Monastery of St. Francis of Zadar
Croatia
St. Francis Monastery in Zadar is a Roman Catholic Franciscan monastery dating back to the 13th century. It grew from the hospice of St. Anthony the Abbot in the western part of the city, where, according to tradition, St. Francis of Assis took shelter during his stay in the city when he was “thrown by the winds opposite to the Slavonian soil” on his way to the Holy Land in 1212.
The church is the oldest Gothic church in Dalmatia. The construction of the current Monastery began in 1249 and was finished at the end of the century, so the church, the sacristy, the monastery wings and the original cloister were built. An important typological feature of the church is its three-apse rear structure, which the experts bring into connection with the Gothic architecture of Franciscans and Dominicans from Umbria and Veneto during the 13th century. The sacristy, in which the Peace of Zadar was signed in 1358, was also a chapel of St Louis and the chapter hall. Its significant rearrangement, with the furnishing of the choir and the sanctuary, took place at the end of the 14th century, when the General Chapter in Cologne proclaimed the monastery the seat of the Franciscan province of St Jerome for Dalmatia in 1393.

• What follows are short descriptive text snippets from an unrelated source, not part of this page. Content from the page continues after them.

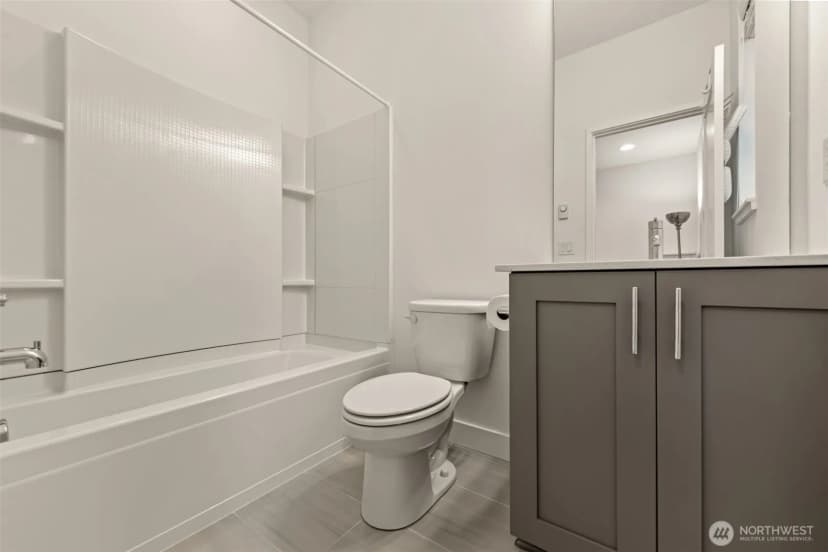 Property photo for 1118 124th Ct Ne #g2, Bellevue photo 12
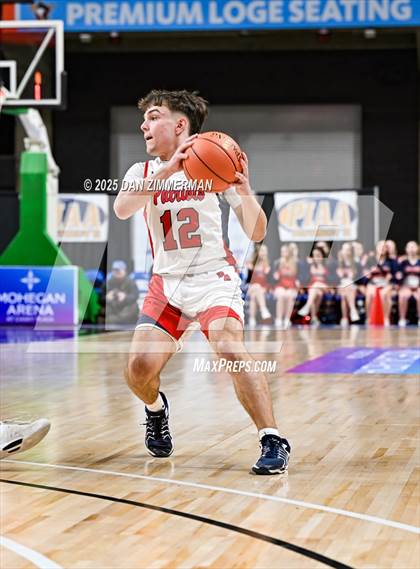 Thumbnail 3 in Abington Heights vs Pittston (PIAA District 2 Class 5A Final) photogallery.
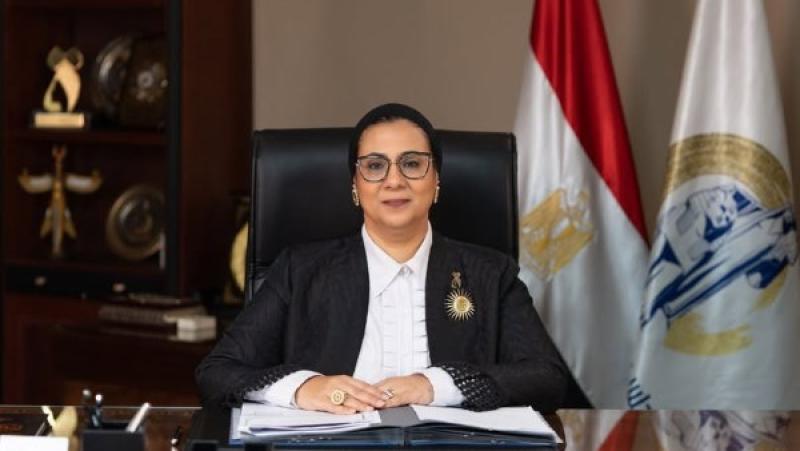 رئيسة القومي للمرأة: الهلال الأحمر المصري هو منارة الإنسانية ويحتضن الجميع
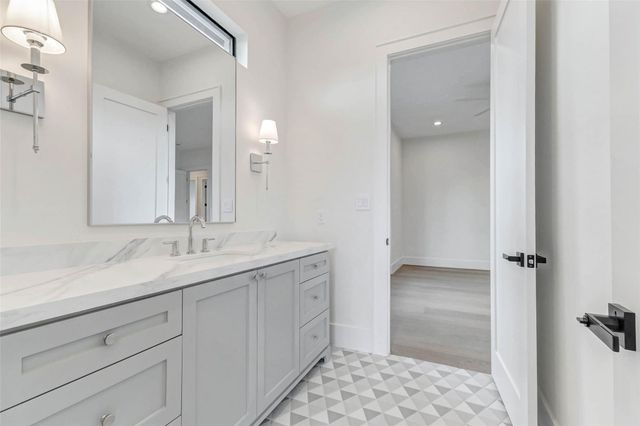 6911 Hartland Avenue, Houston, TX 77055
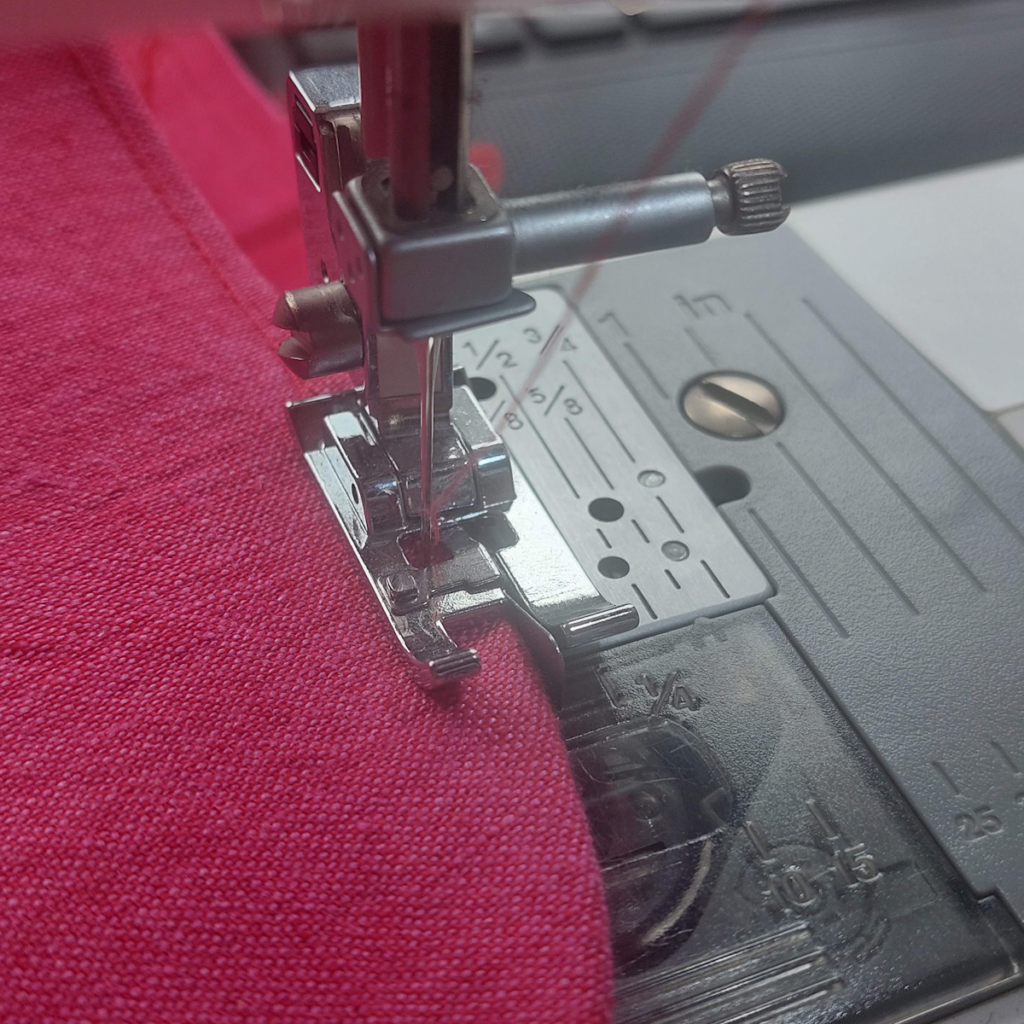 Schnieke Wiebke in pink - Kantenstepp in rot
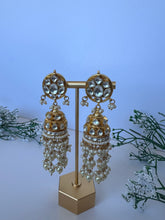 Load image into Gallery viewer, Sukh Kundan Jhumki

The choir rebuilding was completed by the mid-15th century with the construction of Giorgio da Sebenico’s podium on the site of the presumed earlier railing.
In World War II, it suffered major damage from the bombing and was briefly abandoned. After the war it was reconstructed and returned to it’s original state, with deeper interventions in 1962, 1963, 1977 and 1980.
It has rich picture gallery as well as a collection of codices and parchments.